Na prática, diz Carvalho Pinto, esse normativo está criando um incentivo à ocupação irregular do solo. Hoje, se um grupo criminoso desmata e implanta um assentamento na Amazônia, a concessionária é obrigada a levar energia ao local.
Para o autor do projeto, as normas de energia elétrica precisam estar harmonizadas com a legislação urbanística e ambiental. O consultor informa que a Aneel já está revendo suas normas para adequá-las à nova lei de regularização fundiária, aprovada no ano passado, que prevê o desestímulo à formação de novos assentamentos informais como diretriz. E condiciona a regularização dos assentamentos existentes à aprovação de um projeto urbanístico pelo município.
Marcha
Apesar de algumas dessas iniciativas contribuírem para reduzir a burocracia, agilizar a reurbanização e a destinação de imóveis e áreas nas cidades, os movimentos nacionais voltados para moradia popular estão mais preocupados com o volume de recursos do Fundo de Garantia do Tempo de Serviço (FGTS), principal fonte do programa MCMV.
Na Marcha Nacional pelo Direito à Cidade, que reuniu em Brasília representantes de cinco movimentos nacionais e um regional, de 5 a 7 de junho, um dos itens da carta entregue aos ministros das Cidades e da Casa Civil era defender a manutenção dos recursos do FGTS para moradia popular.

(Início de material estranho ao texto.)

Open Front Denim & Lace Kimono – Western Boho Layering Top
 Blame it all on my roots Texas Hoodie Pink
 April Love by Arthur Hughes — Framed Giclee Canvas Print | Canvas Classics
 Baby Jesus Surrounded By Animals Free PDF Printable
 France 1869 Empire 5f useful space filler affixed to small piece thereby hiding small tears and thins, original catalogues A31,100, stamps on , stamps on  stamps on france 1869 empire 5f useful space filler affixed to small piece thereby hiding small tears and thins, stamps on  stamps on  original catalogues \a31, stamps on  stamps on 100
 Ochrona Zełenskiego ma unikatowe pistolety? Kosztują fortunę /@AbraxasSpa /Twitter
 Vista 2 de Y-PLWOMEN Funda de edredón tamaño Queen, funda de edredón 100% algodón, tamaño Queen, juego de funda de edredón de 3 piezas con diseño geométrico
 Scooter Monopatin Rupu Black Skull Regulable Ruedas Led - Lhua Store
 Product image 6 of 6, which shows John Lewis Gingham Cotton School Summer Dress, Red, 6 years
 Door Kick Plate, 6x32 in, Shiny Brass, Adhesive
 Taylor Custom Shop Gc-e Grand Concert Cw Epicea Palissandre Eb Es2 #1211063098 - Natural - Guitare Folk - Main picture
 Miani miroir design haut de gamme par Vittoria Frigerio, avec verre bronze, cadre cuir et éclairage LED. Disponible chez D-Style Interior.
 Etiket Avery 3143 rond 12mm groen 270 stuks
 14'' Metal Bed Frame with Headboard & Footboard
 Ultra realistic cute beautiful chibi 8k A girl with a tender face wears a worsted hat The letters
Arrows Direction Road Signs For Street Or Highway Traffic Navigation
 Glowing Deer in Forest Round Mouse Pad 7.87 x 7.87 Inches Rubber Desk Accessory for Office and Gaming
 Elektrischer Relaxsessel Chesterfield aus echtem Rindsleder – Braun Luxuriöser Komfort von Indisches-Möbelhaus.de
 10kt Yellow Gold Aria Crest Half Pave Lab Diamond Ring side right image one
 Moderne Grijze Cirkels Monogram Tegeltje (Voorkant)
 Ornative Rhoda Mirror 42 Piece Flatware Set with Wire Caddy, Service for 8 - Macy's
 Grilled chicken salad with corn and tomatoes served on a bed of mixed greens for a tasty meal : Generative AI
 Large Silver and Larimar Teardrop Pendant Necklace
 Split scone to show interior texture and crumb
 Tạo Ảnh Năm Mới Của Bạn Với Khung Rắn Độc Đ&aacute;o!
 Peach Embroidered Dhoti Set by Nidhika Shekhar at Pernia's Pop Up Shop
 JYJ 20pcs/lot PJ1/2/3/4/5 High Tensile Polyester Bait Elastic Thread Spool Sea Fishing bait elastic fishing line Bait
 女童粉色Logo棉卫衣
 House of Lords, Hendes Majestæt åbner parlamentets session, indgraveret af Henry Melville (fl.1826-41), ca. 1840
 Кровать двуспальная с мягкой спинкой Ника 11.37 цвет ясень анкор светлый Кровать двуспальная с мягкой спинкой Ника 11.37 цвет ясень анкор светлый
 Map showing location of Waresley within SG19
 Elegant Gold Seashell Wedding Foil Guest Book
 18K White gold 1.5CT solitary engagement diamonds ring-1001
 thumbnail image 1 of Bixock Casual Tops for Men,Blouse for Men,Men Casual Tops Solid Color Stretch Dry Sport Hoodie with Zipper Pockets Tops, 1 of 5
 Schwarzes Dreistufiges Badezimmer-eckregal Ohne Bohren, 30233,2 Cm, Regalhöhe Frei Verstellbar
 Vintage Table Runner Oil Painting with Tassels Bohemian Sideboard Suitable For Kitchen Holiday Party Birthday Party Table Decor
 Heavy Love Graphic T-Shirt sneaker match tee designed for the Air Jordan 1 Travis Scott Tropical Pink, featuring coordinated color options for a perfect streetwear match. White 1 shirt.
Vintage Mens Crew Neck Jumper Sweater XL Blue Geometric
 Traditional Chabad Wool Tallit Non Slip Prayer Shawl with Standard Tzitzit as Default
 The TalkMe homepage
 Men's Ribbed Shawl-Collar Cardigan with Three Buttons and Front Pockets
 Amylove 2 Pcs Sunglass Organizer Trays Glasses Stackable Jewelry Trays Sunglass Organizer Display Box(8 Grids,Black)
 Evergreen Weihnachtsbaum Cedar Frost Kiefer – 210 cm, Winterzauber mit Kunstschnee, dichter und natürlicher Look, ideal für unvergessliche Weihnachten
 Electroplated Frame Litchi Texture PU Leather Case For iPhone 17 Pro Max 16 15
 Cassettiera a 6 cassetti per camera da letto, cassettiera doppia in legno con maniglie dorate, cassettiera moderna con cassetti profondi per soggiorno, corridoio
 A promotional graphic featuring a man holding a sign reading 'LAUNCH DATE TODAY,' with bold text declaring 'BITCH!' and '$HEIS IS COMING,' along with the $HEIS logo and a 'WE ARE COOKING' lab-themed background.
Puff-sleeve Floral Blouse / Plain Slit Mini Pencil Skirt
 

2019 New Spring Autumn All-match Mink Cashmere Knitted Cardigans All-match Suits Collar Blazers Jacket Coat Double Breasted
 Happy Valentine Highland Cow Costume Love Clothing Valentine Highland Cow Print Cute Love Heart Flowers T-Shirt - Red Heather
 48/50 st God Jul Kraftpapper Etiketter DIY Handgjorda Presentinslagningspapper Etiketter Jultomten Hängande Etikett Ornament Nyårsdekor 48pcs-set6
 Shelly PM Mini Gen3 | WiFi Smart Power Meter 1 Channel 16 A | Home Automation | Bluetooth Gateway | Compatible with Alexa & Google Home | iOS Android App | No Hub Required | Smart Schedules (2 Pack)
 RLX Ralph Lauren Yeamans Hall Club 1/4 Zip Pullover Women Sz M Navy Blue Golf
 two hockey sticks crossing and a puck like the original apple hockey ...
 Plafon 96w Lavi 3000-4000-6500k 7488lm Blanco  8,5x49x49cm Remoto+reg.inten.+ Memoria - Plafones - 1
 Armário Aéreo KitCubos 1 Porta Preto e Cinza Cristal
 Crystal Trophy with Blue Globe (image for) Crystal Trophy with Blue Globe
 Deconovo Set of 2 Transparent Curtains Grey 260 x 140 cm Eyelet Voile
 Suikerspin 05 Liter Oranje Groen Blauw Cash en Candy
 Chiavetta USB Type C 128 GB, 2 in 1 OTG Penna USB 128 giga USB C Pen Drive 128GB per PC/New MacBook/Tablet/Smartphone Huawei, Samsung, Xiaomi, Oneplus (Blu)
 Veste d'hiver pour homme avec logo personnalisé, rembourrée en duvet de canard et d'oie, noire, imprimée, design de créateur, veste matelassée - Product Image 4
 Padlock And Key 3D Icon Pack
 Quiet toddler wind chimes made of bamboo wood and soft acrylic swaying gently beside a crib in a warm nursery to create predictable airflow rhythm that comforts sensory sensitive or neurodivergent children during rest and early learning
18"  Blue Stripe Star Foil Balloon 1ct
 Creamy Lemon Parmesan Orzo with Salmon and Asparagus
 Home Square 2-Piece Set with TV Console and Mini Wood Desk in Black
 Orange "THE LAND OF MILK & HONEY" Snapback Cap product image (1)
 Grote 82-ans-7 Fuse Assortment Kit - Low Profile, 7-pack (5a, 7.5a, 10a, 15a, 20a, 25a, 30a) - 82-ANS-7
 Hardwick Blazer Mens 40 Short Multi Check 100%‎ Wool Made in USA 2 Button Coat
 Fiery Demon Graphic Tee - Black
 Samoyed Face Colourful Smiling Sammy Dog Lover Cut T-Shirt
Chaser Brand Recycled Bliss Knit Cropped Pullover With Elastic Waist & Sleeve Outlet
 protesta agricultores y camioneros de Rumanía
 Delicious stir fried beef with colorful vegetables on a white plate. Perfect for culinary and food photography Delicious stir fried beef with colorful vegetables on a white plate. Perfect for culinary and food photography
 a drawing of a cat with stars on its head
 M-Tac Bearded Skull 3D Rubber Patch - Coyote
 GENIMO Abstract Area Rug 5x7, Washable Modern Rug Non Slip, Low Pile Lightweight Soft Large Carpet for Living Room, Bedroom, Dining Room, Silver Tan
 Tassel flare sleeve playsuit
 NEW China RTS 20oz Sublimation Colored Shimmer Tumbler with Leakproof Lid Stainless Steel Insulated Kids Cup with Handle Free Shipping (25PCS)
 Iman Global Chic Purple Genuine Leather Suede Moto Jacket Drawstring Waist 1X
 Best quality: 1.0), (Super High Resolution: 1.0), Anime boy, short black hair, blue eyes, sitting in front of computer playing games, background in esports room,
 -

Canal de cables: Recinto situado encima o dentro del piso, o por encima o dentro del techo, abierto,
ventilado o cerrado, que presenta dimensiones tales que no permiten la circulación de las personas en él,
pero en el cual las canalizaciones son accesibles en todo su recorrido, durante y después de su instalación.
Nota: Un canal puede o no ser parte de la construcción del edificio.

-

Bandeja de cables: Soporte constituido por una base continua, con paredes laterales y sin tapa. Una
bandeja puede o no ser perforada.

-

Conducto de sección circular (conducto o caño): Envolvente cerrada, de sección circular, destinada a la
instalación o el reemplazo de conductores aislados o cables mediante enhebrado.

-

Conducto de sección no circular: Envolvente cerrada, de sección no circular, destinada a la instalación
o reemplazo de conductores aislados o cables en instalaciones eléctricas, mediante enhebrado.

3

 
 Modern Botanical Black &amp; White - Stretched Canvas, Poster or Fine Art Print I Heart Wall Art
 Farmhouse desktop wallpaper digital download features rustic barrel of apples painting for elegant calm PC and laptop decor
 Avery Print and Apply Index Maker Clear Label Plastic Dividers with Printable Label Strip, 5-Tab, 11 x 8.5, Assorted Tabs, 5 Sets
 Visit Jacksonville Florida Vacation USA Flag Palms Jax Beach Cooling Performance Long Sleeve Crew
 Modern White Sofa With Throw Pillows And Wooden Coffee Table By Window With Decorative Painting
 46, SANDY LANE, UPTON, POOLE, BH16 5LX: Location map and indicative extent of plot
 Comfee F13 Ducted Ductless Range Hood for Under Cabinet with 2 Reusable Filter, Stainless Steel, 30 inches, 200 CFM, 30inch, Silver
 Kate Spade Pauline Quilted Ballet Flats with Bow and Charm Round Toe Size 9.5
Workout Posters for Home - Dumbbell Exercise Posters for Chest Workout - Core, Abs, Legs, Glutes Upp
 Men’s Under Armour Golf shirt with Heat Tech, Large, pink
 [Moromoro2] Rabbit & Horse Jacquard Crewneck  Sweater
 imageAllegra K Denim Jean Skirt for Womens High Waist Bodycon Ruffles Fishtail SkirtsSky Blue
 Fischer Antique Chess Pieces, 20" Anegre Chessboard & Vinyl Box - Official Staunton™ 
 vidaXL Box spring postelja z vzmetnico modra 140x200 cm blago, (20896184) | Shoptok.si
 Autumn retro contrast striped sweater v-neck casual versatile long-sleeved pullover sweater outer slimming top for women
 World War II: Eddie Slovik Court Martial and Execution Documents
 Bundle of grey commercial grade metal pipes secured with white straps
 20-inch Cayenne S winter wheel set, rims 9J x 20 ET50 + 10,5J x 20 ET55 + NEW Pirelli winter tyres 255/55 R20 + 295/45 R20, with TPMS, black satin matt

A maior preocupação está com os projetos em tramitação no Senado, que autorizam a utilização do FGTS para outras finalidades, como o PLS 454/2015 da senadora Simone Tebet (MDB-MS), que permite o uso para pagar faculdades, especialmente na fase de conclusão de cursos. Com essa proposta, tramitam em conjunto outras seis, entre elas o PLS 581/2007, do senador Paulo Paim (PT-RS), que permite a utilização do FGTS para quitar o Fundo de Financiamento Estudantil (Fies).
O presidente da Conam, Getúlio Vargas Júnior, diz que se esses projetos forem aprovados haverá uma redução substancial dos recursos do FGTS para a habitação destinada à baixa renda, o que justifica a posição contrária dos movimentos nacionais em relação a essas propostas.
Embora haja esse temor dos movimentos, a tramitação desses projetos parece ter entrado em compasso de espera. Um requerimento do senador Valdir Raupp (MDB-RO), que está no Plenário, pede que cerca de 20 projetos sobre o FGTS tramitem em conjunto com os outros que estão na Comissão de Educação. Ou seja, tudo indica que o avanço dessas propostas deverá ser bem lento.